What you should do> The lines below, from the one containing "衛(wèi)浴瓷磚干濕區(qū)分圖片大全" through the one containing "Light-mantled Albatross (image", should be set down exactly, with no pictures and nothing else.

Records supplied>
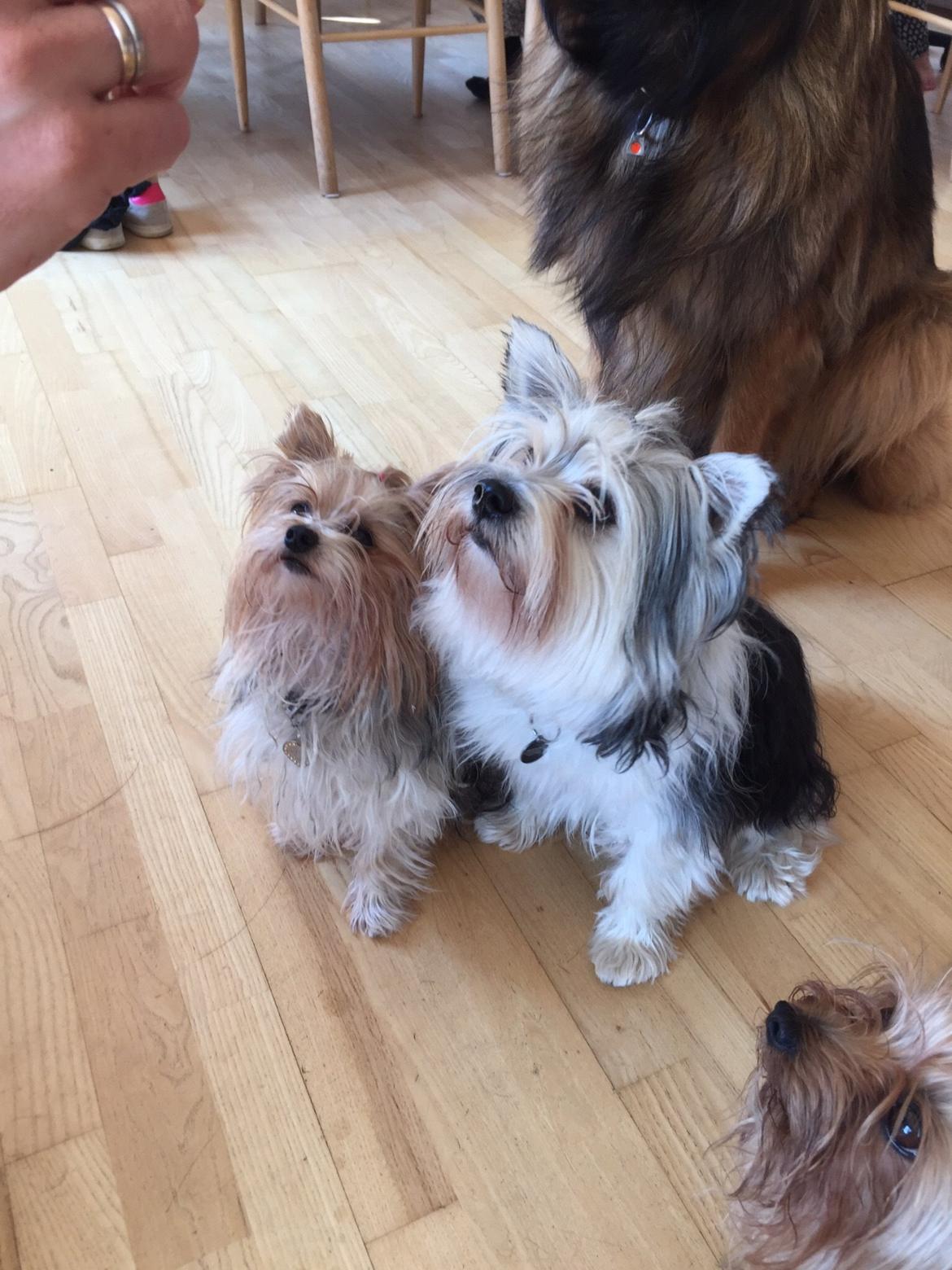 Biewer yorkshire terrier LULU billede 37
* * *
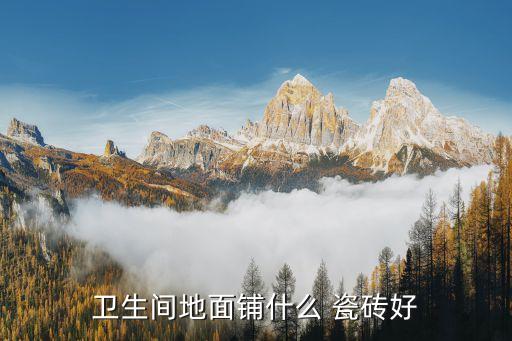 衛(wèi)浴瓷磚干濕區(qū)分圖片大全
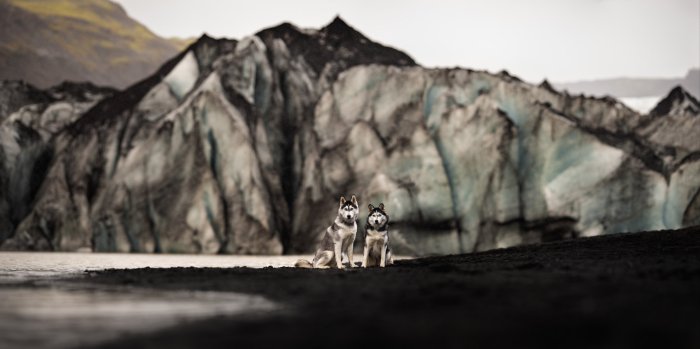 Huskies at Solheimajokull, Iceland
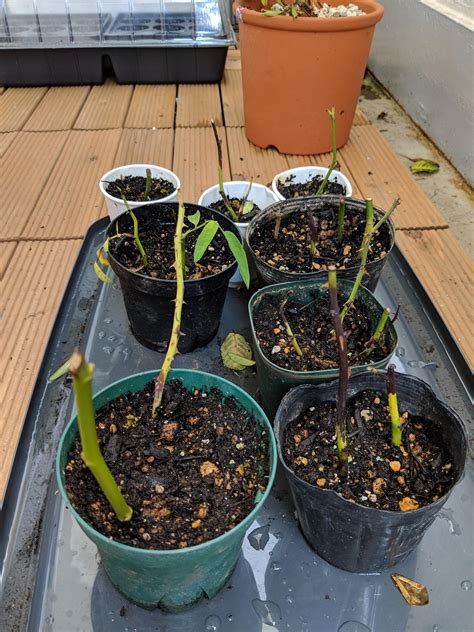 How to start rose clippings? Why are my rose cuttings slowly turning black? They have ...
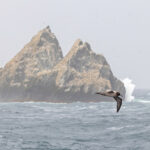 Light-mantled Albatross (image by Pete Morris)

Exercise output>
 衛(wèi)浴瓷磚干濕區(qū)分圖片大全
 Huskies at Solheimajokull, Iceland
 How to start rose clippings? Why are my rose cuttings slowly turning black? They have ...
 Light-mantled Albatross (image by Pete Morris)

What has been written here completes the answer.